▶ [Dataset entries]
====

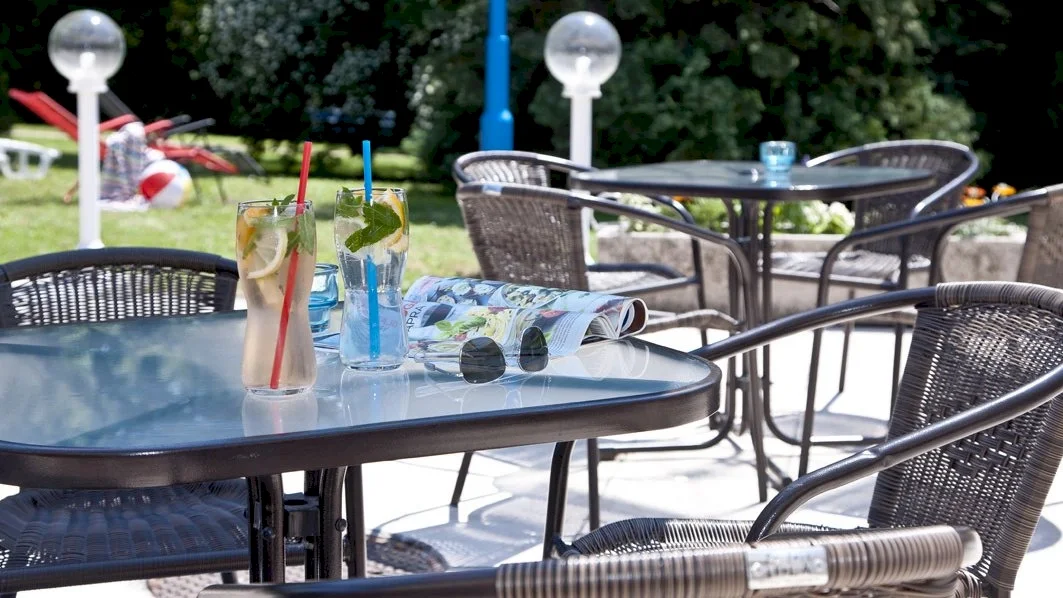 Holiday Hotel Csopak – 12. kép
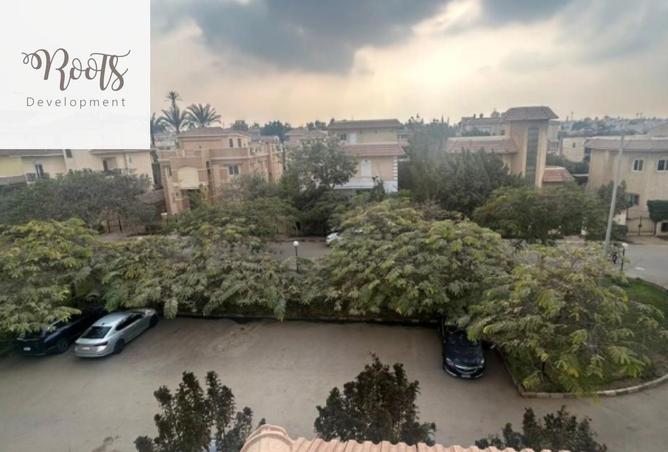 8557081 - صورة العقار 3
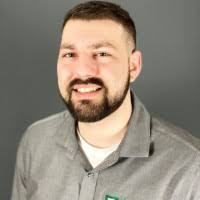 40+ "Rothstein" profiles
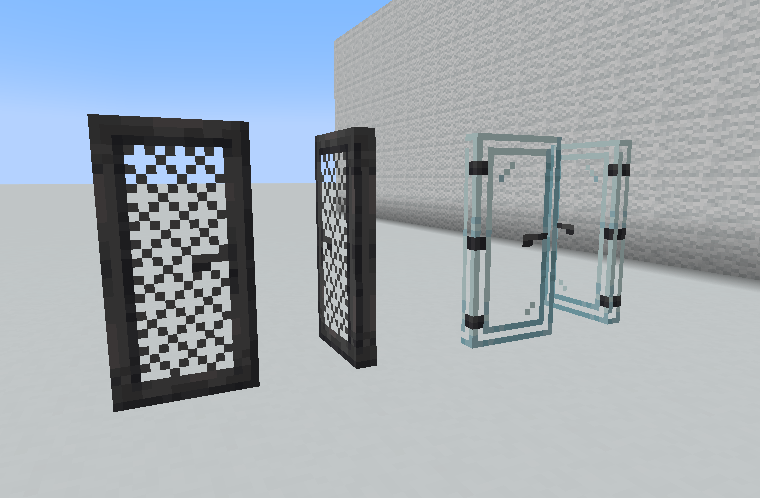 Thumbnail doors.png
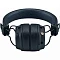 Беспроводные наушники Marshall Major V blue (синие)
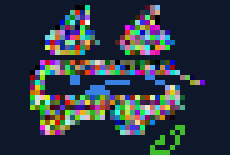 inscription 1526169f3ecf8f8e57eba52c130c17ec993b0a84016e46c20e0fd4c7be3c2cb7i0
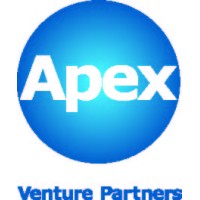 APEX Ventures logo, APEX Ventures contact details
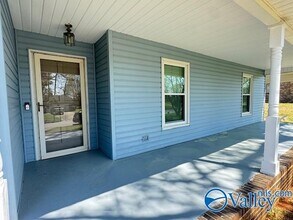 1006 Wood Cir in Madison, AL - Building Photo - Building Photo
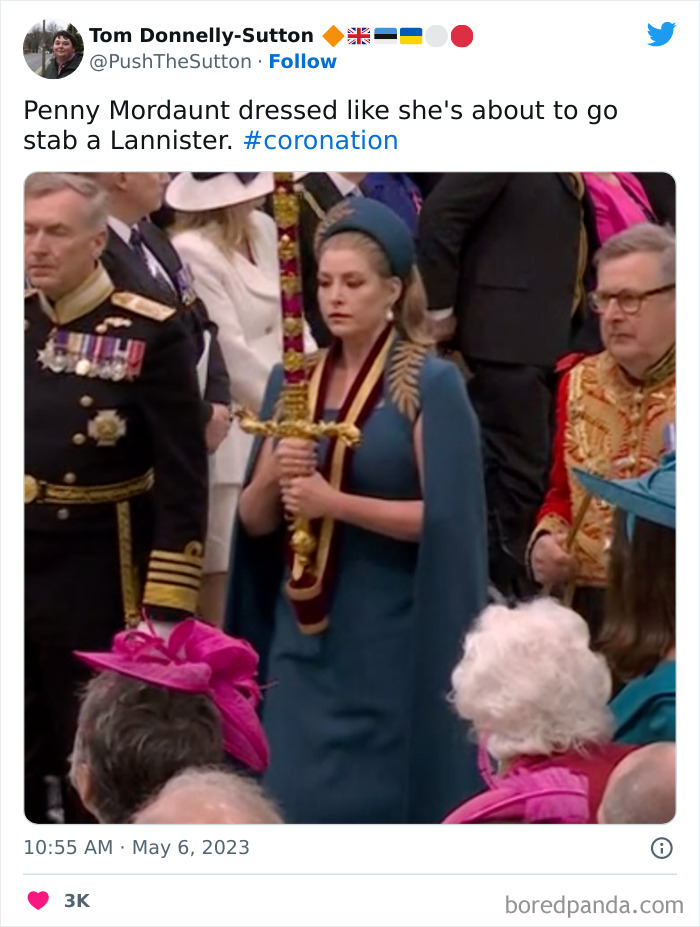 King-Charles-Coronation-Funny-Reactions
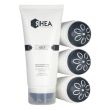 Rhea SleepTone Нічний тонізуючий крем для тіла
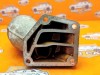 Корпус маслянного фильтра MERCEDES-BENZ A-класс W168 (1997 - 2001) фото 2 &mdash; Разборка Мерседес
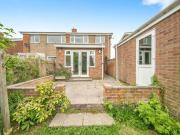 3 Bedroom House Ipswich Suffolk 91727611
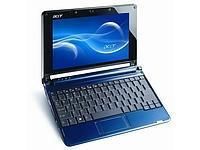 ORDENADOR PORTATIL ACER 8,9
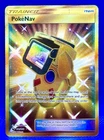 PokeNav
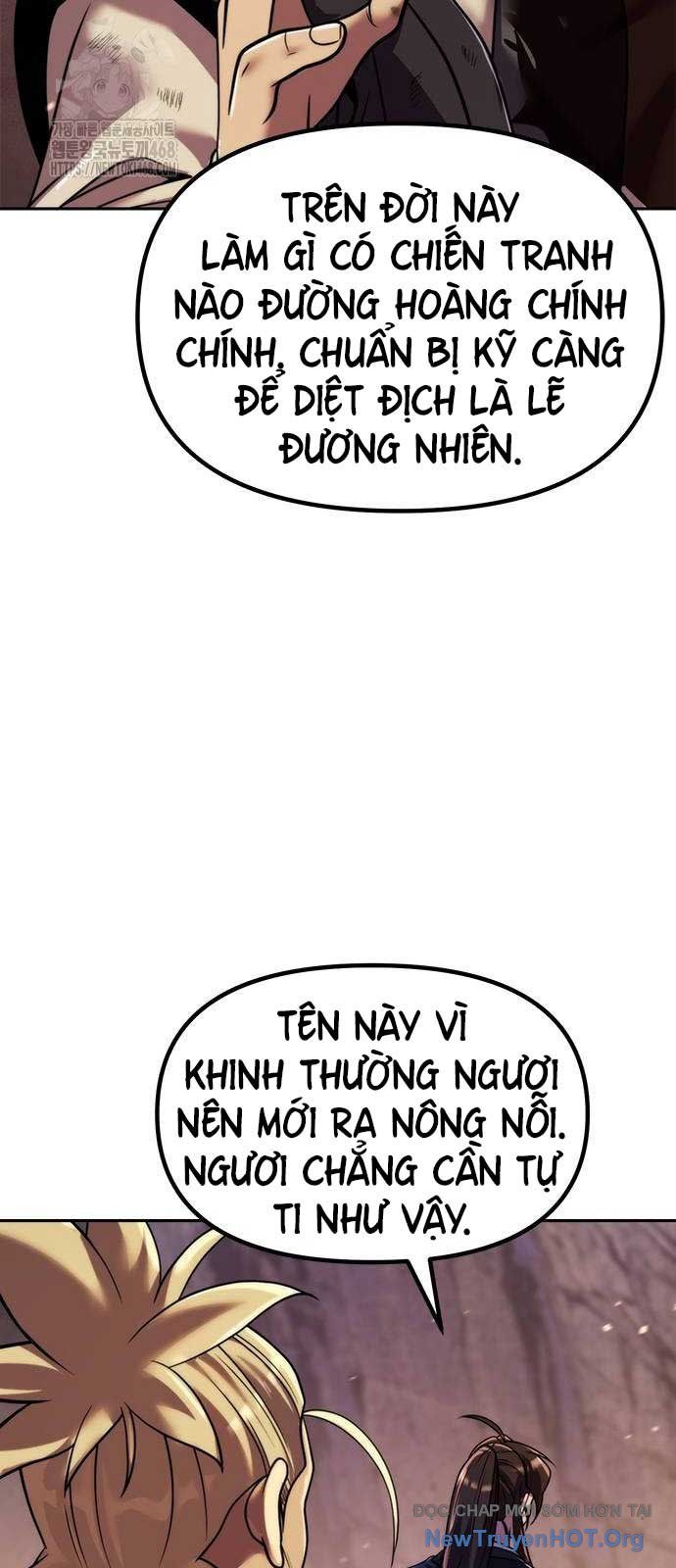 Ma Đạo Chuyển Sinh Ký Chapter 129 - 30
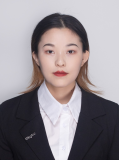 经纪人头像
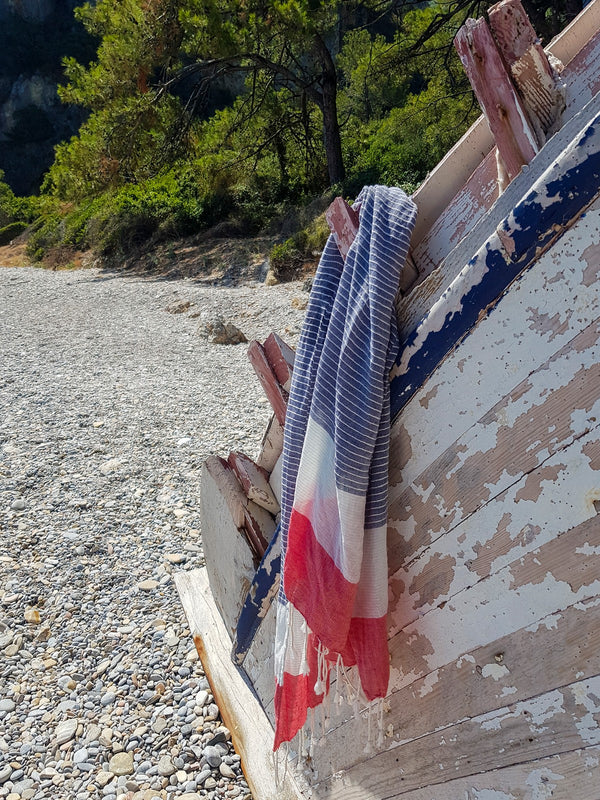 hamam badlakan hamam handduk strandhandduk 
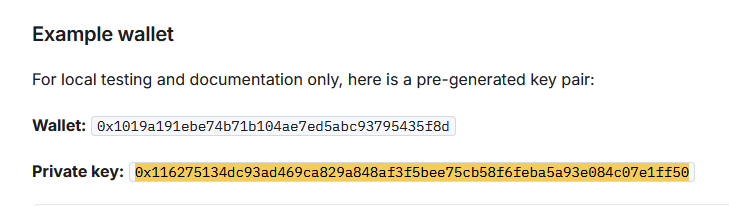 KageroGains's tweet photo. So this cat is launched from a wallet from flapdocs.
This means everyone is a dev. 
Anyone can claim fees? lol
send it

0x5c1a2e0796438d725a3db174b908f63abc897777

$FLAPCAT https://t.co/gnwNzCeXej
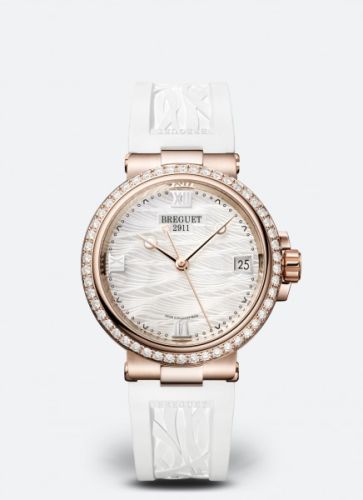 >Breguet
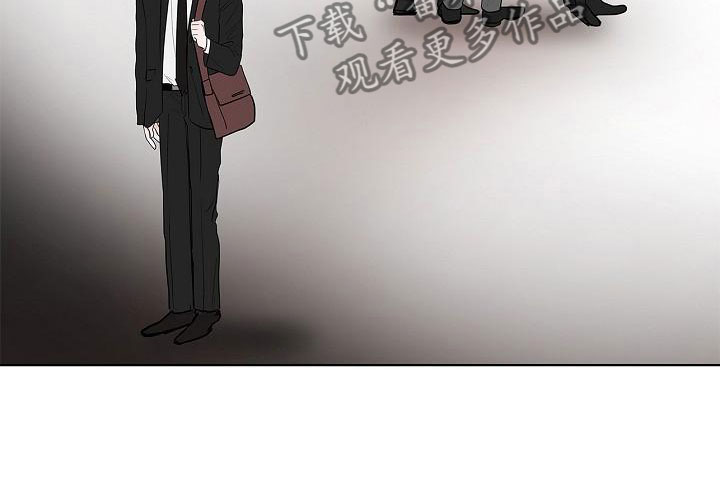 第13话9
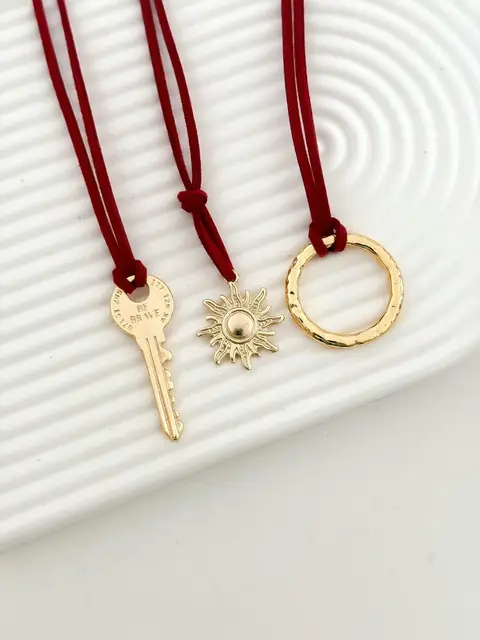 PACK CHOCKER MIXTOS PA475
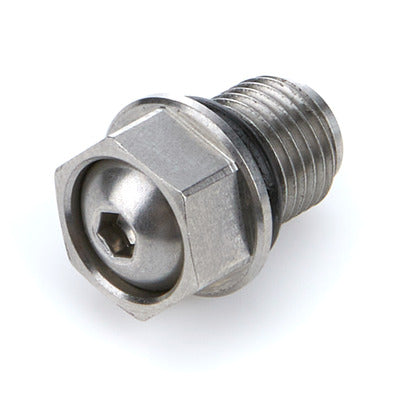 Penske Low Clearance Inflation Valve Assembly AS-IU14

====

▶ [Task directions] From the records above, transcribe exactly the lines starting at the one containing "3 Bedroom House Ipswich Suffolk 91727611" and ending at the one containing "This means everyone is a dev.". Skip the pictures.

▶ [Exercise answer]
 3 Bedroom House Ipswich Suffolk 91727611
 ORDENADOR PORTATIL ACER 8,9
 PokeNav
 Ma Đạo Chuyển Sinh Ký Chapter 129 - 30
 经纪人头像
 hamam badlakan hamam handduk strandhandduk 
 KageroGains's tweet photo. So this cat is launched from a wallet from flapdocs.
This means everyone is a dev. 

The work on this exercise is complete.